- _Information given_:
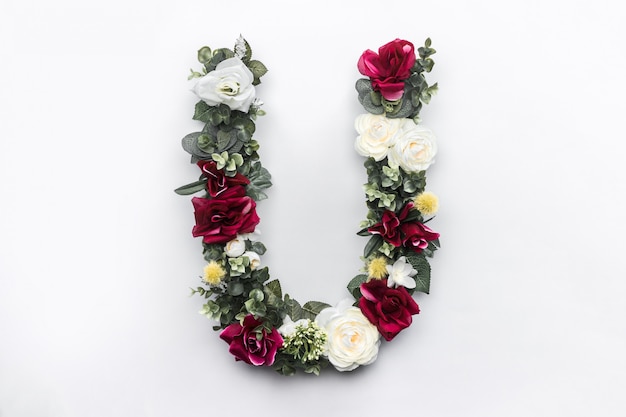 Free photo flower letter u floral monogram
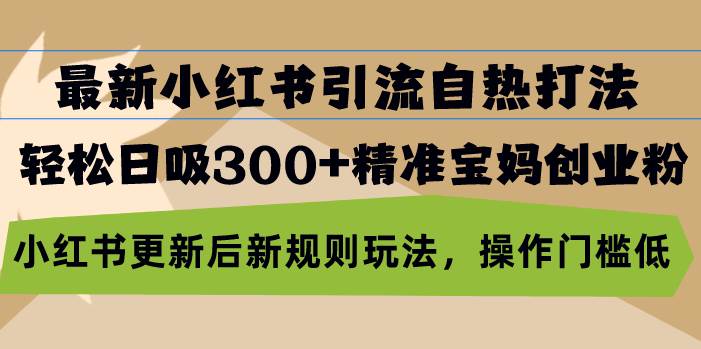 （13145期）最新小红书引流自热打法，轻松日吸300+精准宝妈创业粉，小红书更新后新…副业基地_极客搞钱_中创网_福缘网_冒泡网_资源整合平台副业基地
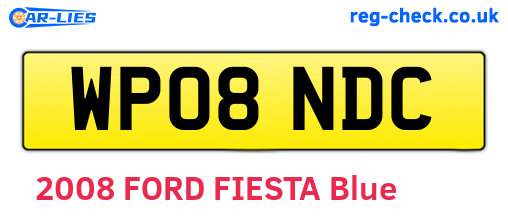 WP08NDC are the vehicle registration plates.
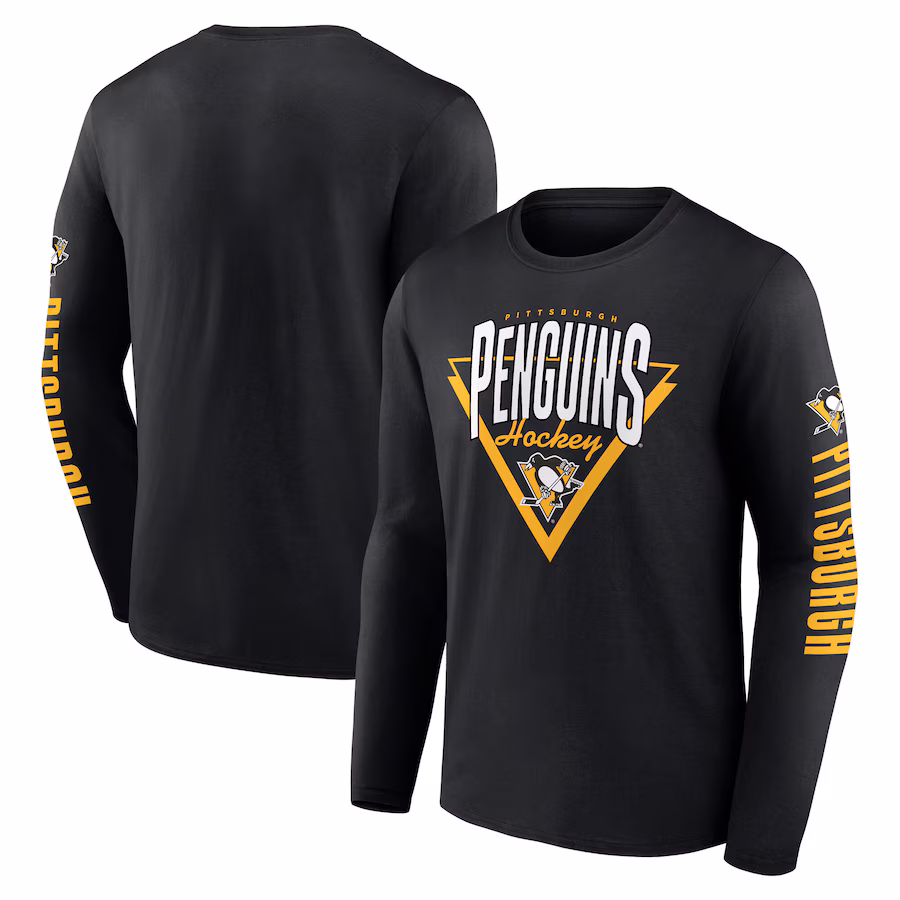 Men's Pittsburgh Penguins Fanatics Black Headline Long Sleeve T-Shirt - Jersey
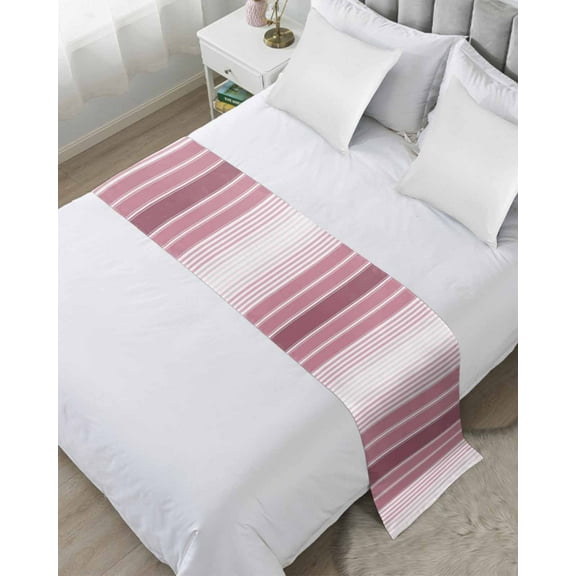 Xipuska Pink Ombre Stripe Bed Runners for Queen Size Bed, Decorative Bed Throws for Foot of Bed, Farmhouse Simple Striped Bed Runner Sofa Throw Bedding Scarf Protector Slipcover for Bedroom/Hotel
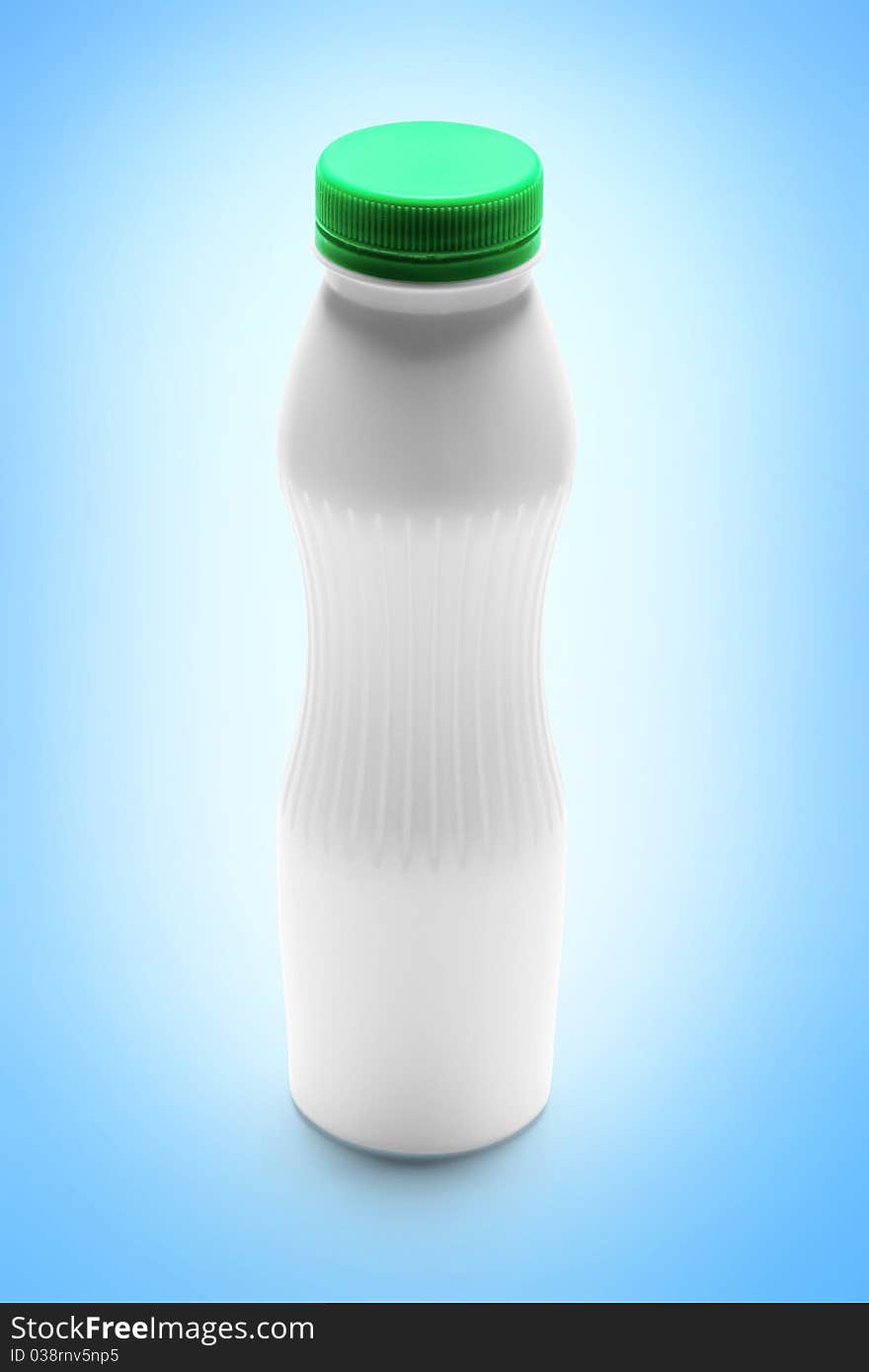 Image of white plastic bottle over light blue background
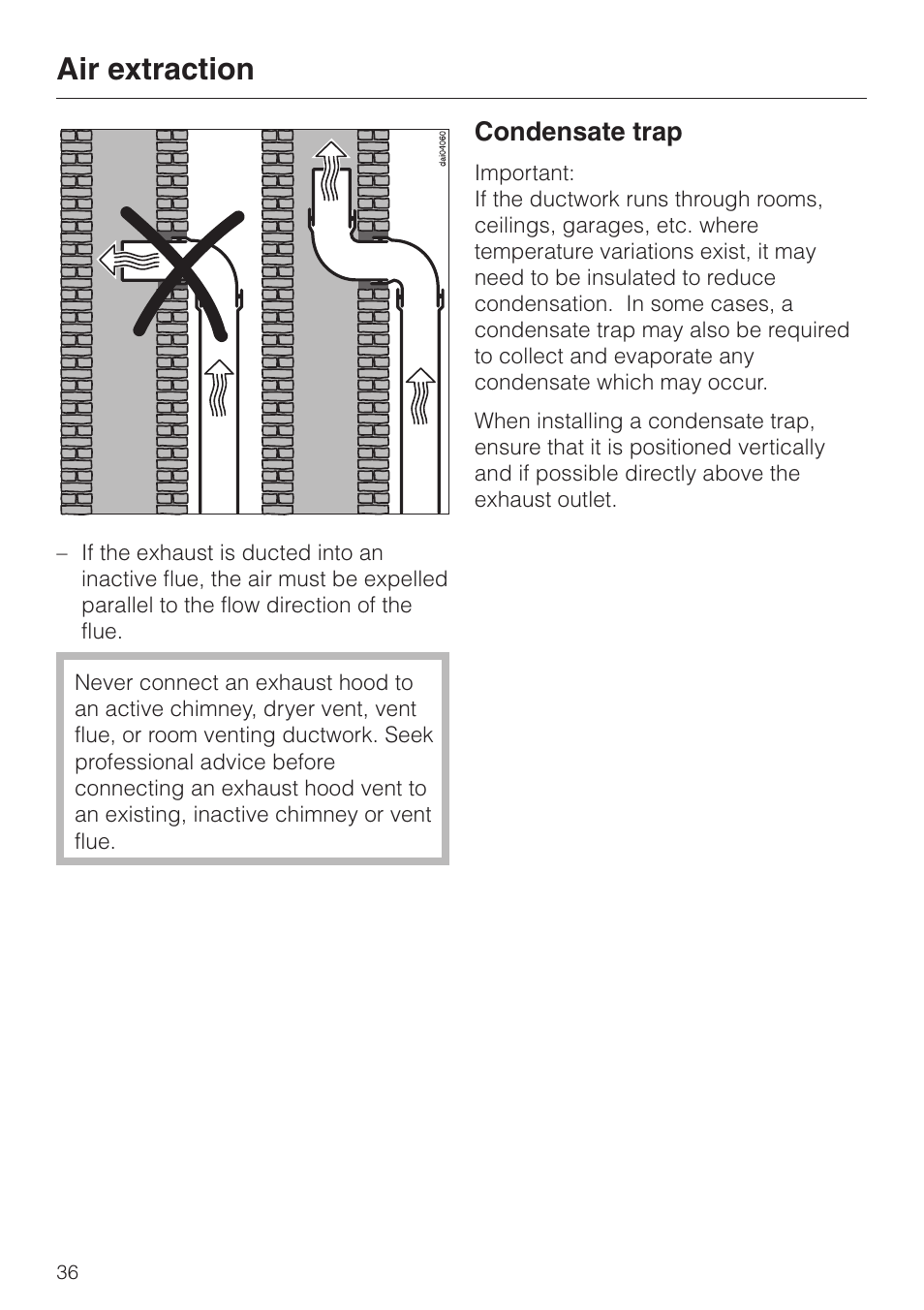 Condensate trap 36, Condensate trap, Air extraction | Miele DA239-3 User Manual | Page 36 / 40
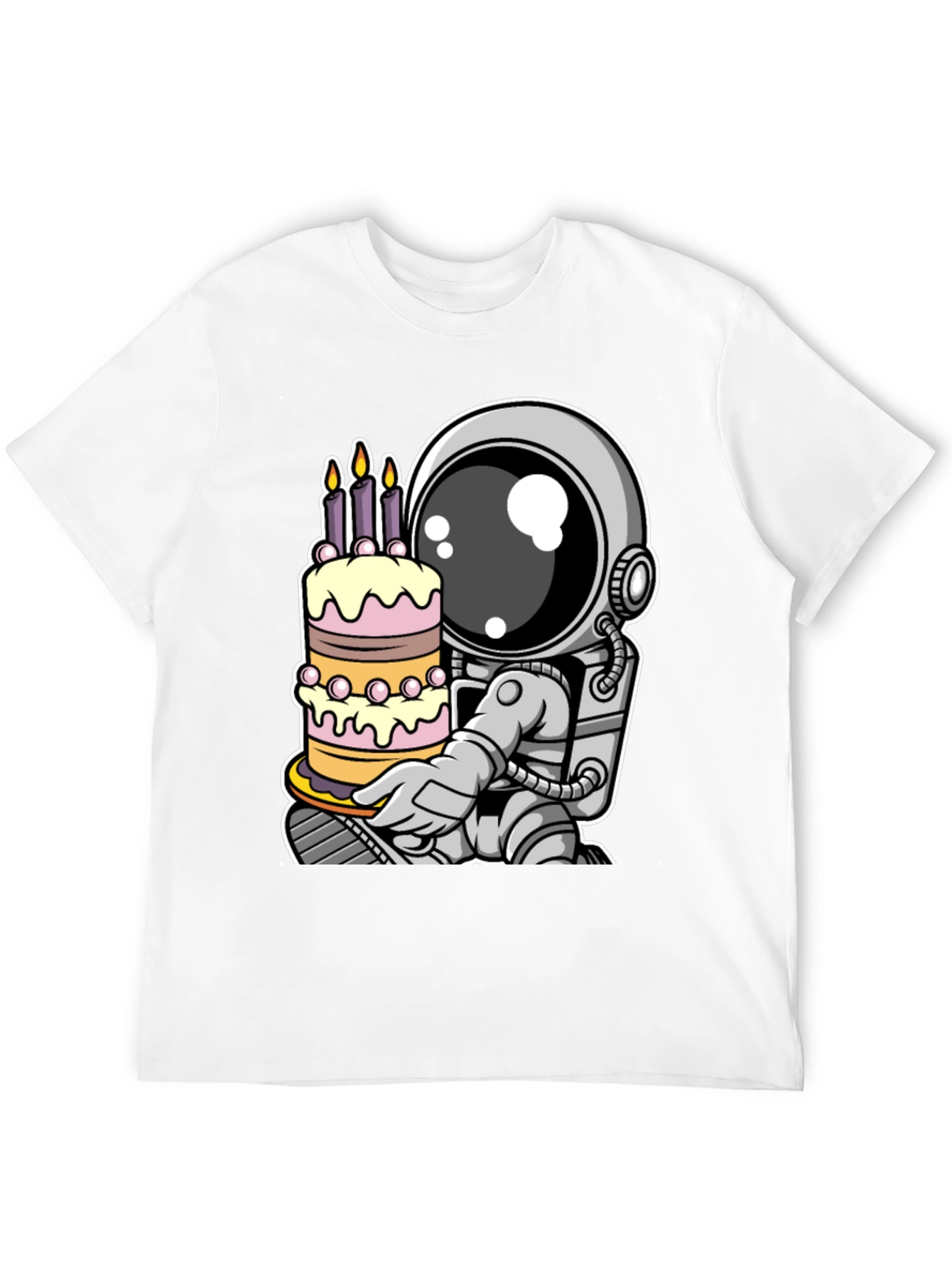Astronaut Birthday Cake T-Shirt - Space Celebration Tee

- _Task statement_:
The records above are to be reproduced exactly; the pictures are to be left out.

- _Answer space_:
 Free photo flower letter u floral monogram
 （13145期）最新小红书引流自热打法，轻松日吸300+精准宝妈创业粉，小红书更新后新…副业基地_极客搞钱_中创网_福缘网_冒泡网_资源整合平台副业基地
 WP08NDC are the vehicle registration plates.
 Men's Pittsburgh Penguins Fanatics Black Headline Long Sleeve T-Shirt - Jersey
 Xipuska Pink Ombre Stripe Bed Runners for Queen Size Bed, Decorative Bed Throws for Foot of Bed, Farmhouse Simple Striped Bed Runner Sofa Throw Bedding Scarf Protector Slipcover for Bedroom/Hotel
 Image of white plastic bottle over light blue background
 Condensate trap 36, Condensate trap, Air extraction | Miele DA239-3 User Manual | Page 36 / 40
Astronaut Birthday Cake T-Shirt - Space Celebration Tee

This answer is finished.